● **REQUIRED WORK**:
Return only the lines from the start of the records through the line that contains "Lot de 2 50cm", inclusive; leave out all pictures.

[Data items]
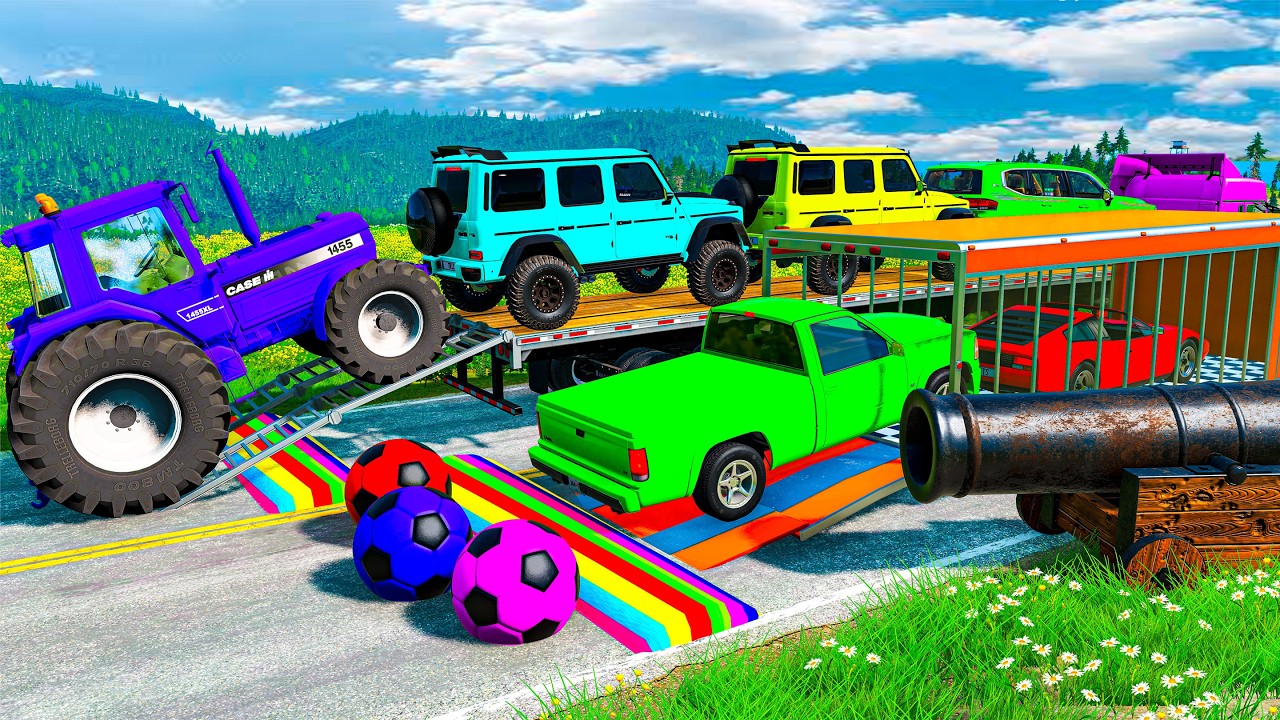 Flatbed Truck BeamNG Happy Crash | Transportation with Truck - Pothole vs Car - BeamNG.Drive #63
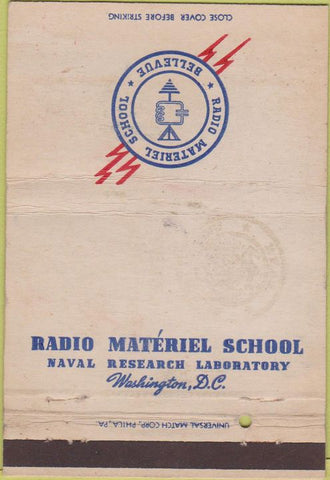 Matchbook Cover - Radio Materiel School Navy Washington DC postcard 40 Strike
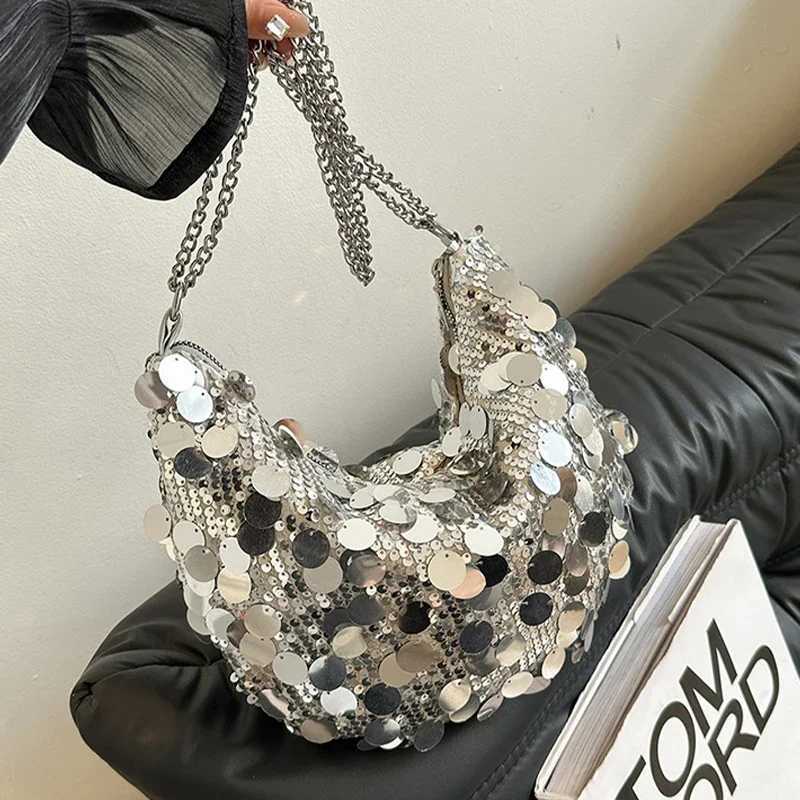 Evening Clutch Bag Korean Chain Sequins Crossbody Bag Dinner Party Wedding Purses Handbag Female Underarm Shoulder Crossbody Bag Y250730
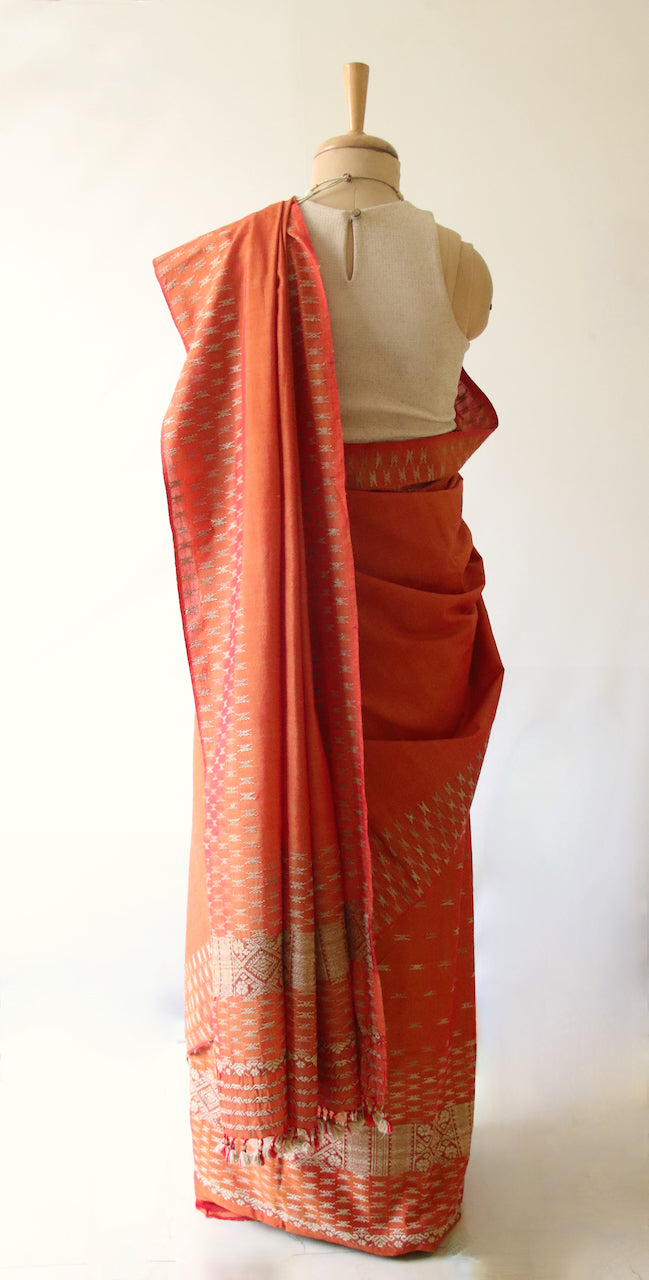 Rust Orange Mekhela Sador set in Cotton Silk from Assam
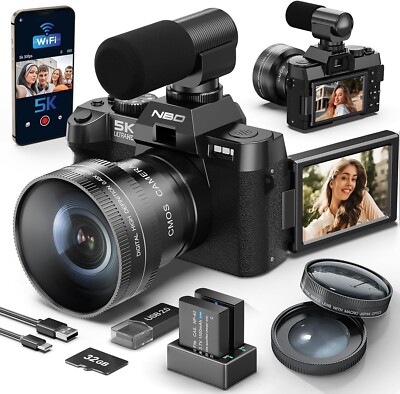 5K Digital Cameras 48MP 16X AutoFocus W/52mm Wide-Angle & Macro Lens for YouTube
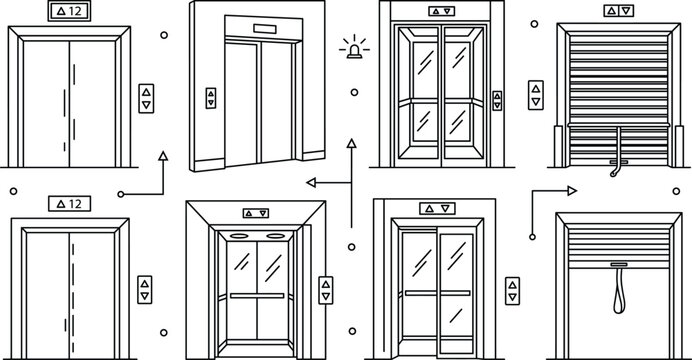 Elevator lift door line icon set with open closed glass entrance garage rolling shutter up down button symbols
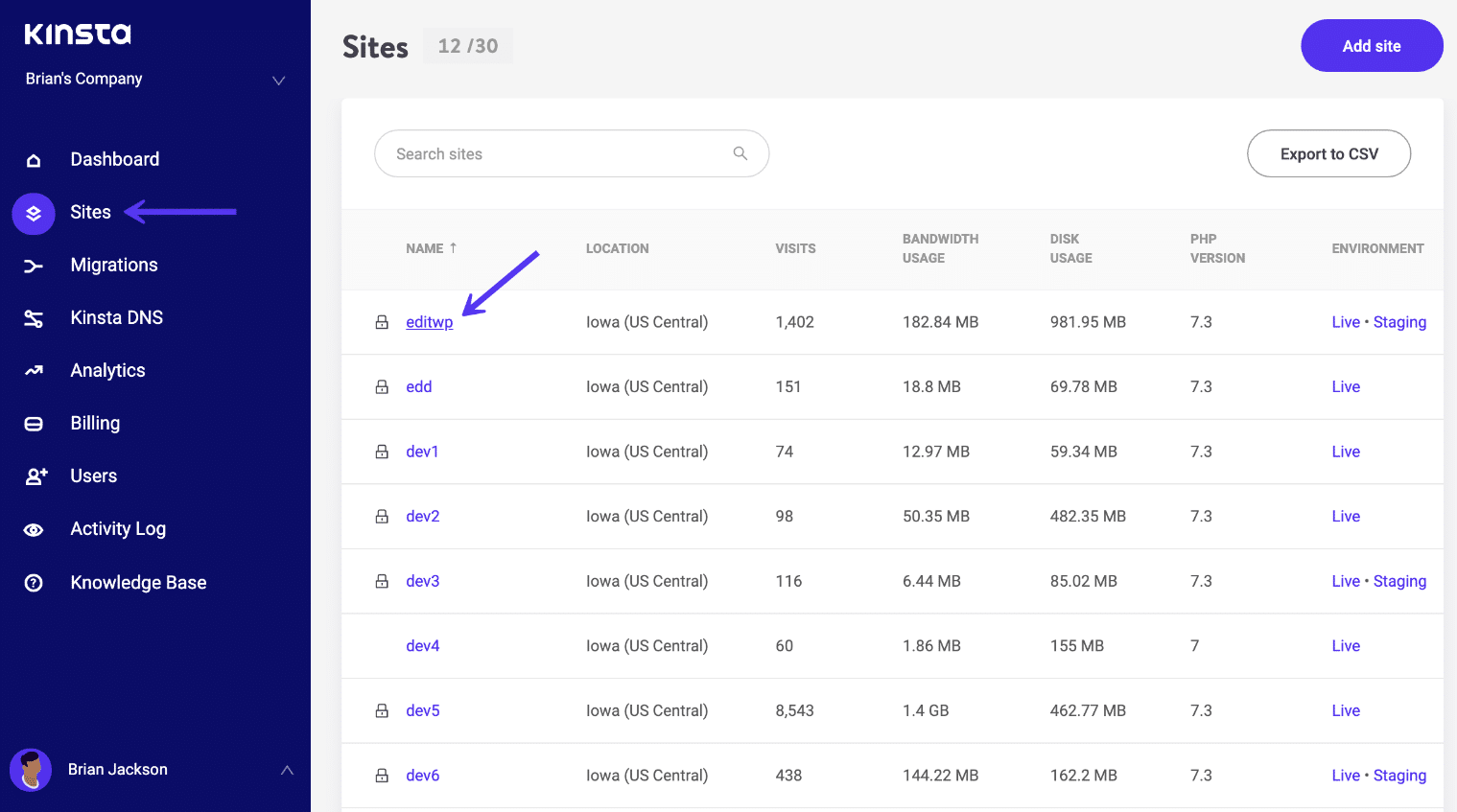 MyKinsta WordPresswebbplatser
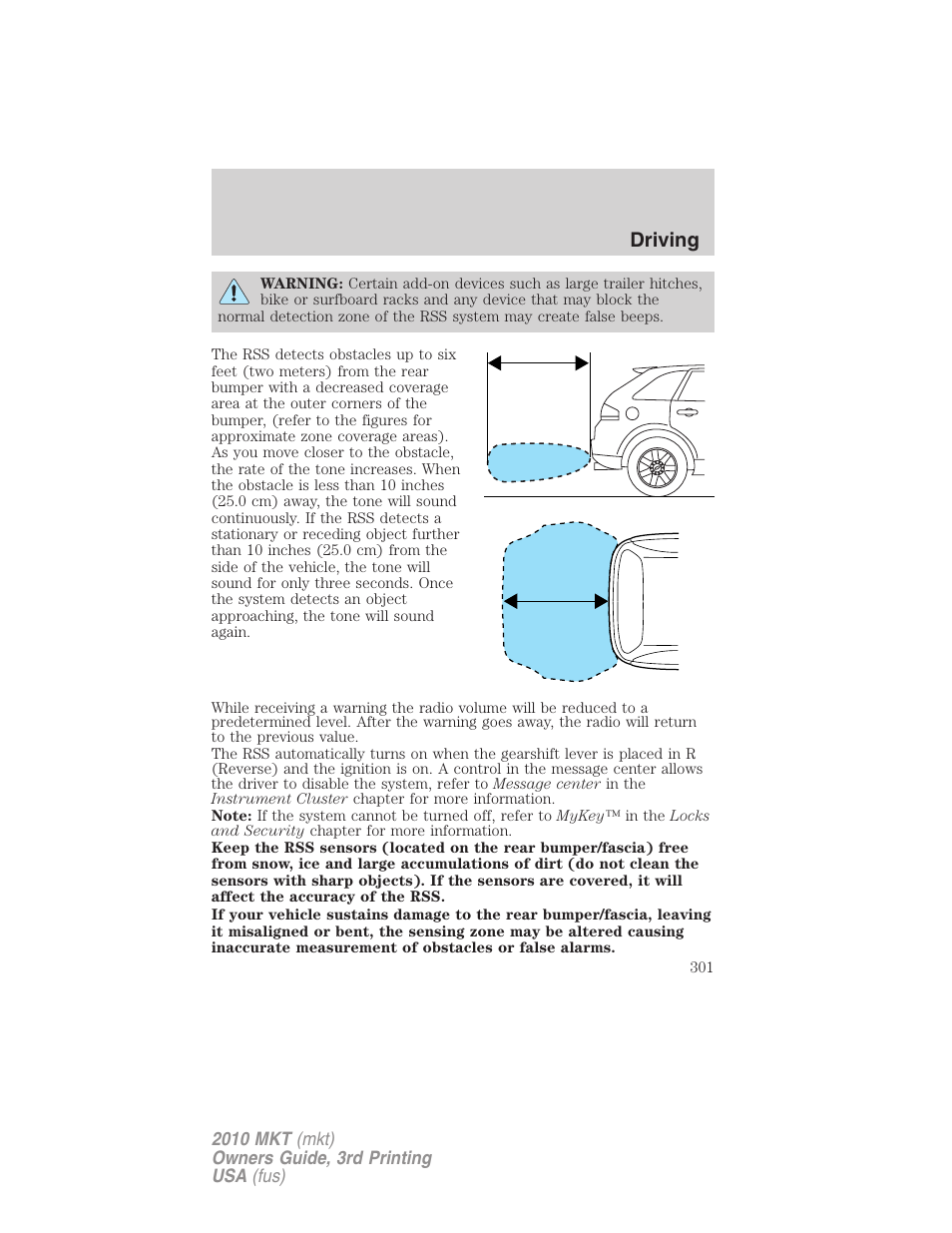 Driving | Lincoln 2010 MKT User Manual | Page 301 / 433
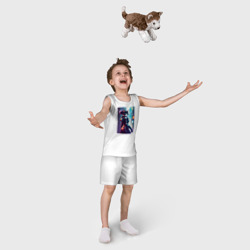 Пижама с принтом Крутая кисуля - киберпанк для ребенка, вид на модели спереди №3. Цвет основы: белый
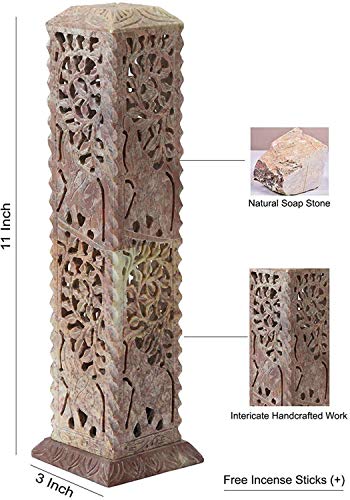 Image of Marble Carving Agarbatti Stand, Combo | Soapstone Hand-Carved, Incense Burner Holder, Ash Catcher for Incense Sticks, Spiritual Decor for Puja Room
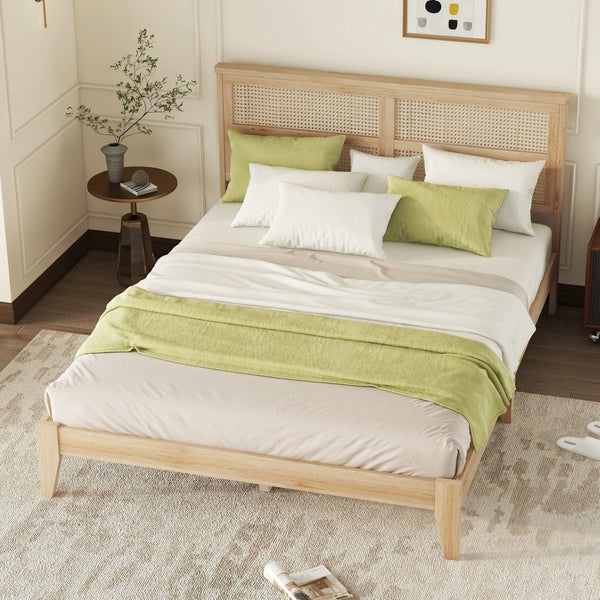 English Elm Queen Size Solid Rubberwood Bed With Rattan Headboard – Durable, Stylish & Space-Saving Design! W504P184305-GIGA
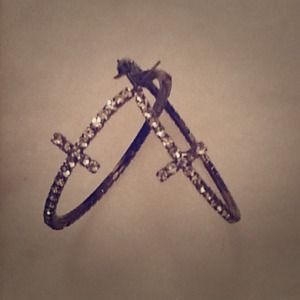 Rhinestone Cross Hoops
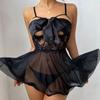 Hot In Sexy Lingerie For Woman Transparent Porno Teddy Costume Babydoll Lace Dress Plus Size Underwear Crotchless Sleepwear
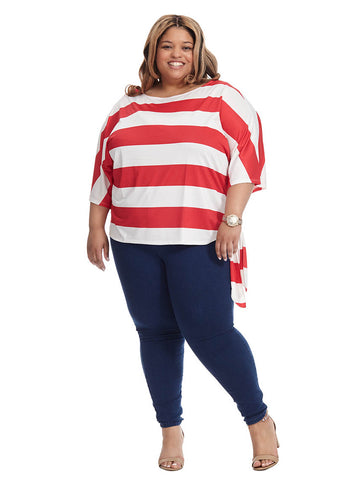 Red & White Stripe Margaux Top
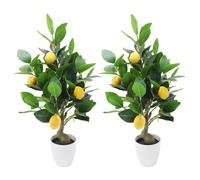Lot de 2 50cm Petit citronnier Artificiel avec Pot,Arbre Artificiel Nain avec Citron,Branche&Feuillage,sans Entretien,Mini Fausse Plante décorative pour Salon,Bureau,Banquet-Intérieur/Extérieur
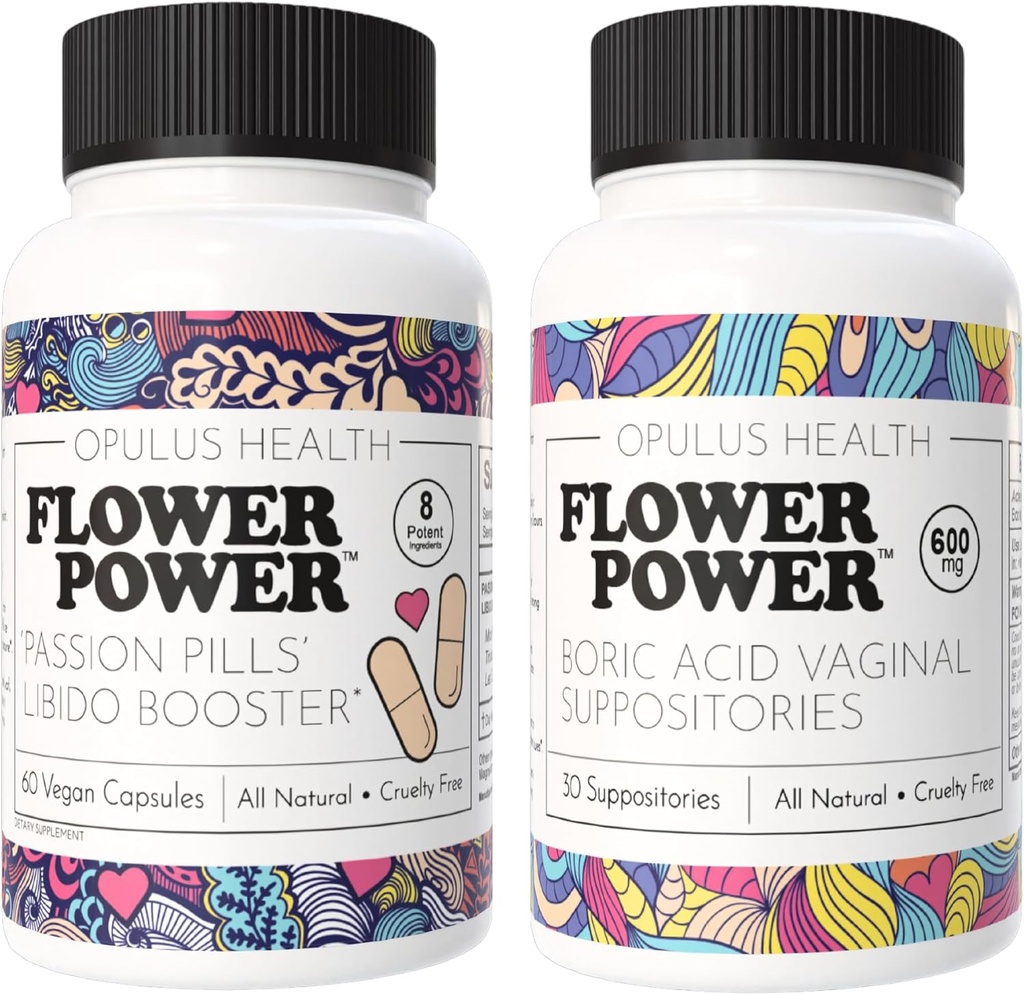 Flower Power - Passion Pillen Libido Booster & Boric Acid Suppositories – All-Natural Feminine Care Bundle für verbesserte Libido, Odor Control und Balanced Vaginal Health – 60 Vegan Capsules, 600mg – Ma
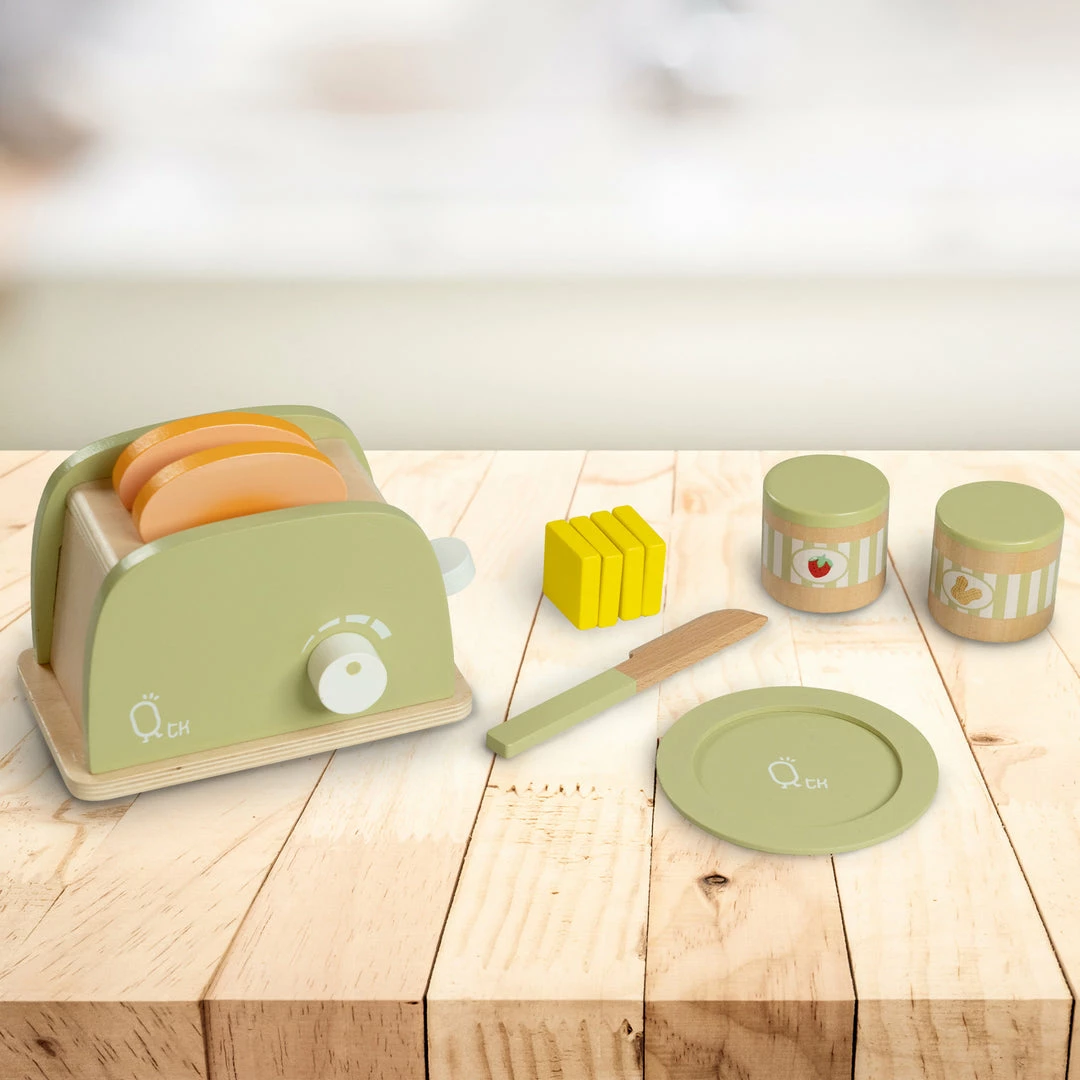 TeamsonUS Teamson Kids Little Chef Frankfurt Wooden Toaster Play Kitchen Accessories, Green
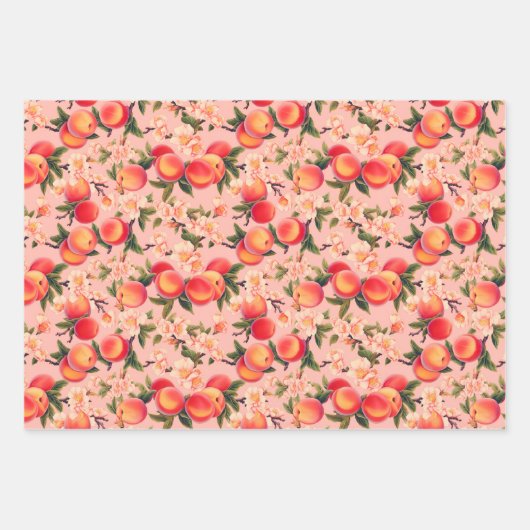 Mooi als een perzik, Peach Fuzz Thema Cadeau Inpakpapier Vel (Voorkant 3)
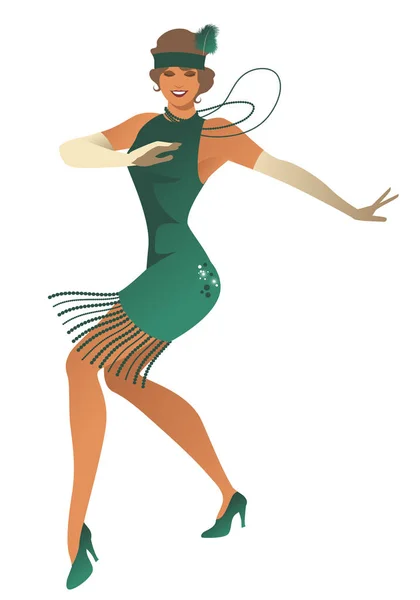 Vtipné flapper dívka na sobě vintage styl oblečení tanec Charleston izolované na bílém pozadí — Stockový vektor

● **OUTPUT FOR THIS TASK**:
 Flatbed Truck BeamNG Happy Crash | Transportation with Truck - Pothole vs Car - BeamNG.Drive #63
 Matchbook Cover - Radio Materiel School Navy Washington DC postcard 40 Strike
 Evening Clutch Bag Korean Chain Sequins Crossbody Bag Dinner Party Wedding Purses Handbag Female Underarm Shoulder Crossbody Bag Y250730
 Rust Orange Mekhela Sador set in Cotton Silk from Assam
 5K Digital Cameras 48MP 16X AutoFocus W/52mm Wide-Angle & Macro Lens for YouTube
 Elevator lift door line icon set with open closed glass entrance garage rolling shutter up down button symbols
 MyKinsta WordPresswebbplatser
 Driving | Lincoln 2010 MKT User Manual | Page 301 / 433
 Пижама с принтом Крутая кисуля - киберпанк для ребенка, вид на модели спереди №3. Цвет основы: белый
 Image of Marble Carving Agarbatti Stand, Combo | Soapstone Hand-Carved, Incense Burner Holder, Ash Catcher for Incense Sticks, Spiritual Decor for Puja Room
 English Elm Queen Size Solid Rubberwood Bed With Rattan Headboard – Durable, Stylish & Space-Saving Design! W504P184305-GIGA
 Rhinestone Cross Hoops
 Hot In Sexy Lingerie For Woman Transparent Porno Teddy Costume Babydoll Lace Dress Plus Size Underwear Crotchless Sleepwear
 Red & White Stripe Margaux Top
Lot de 2 50cm Petit citronnier Artificiel avec Pot,Arbre Artificiel Nain avec Citron,Branche&Feuillage,sans Entretien,Mini Fausse Plante décorative pour Salon,Bureau,Banquet-Intérieur/Extérieur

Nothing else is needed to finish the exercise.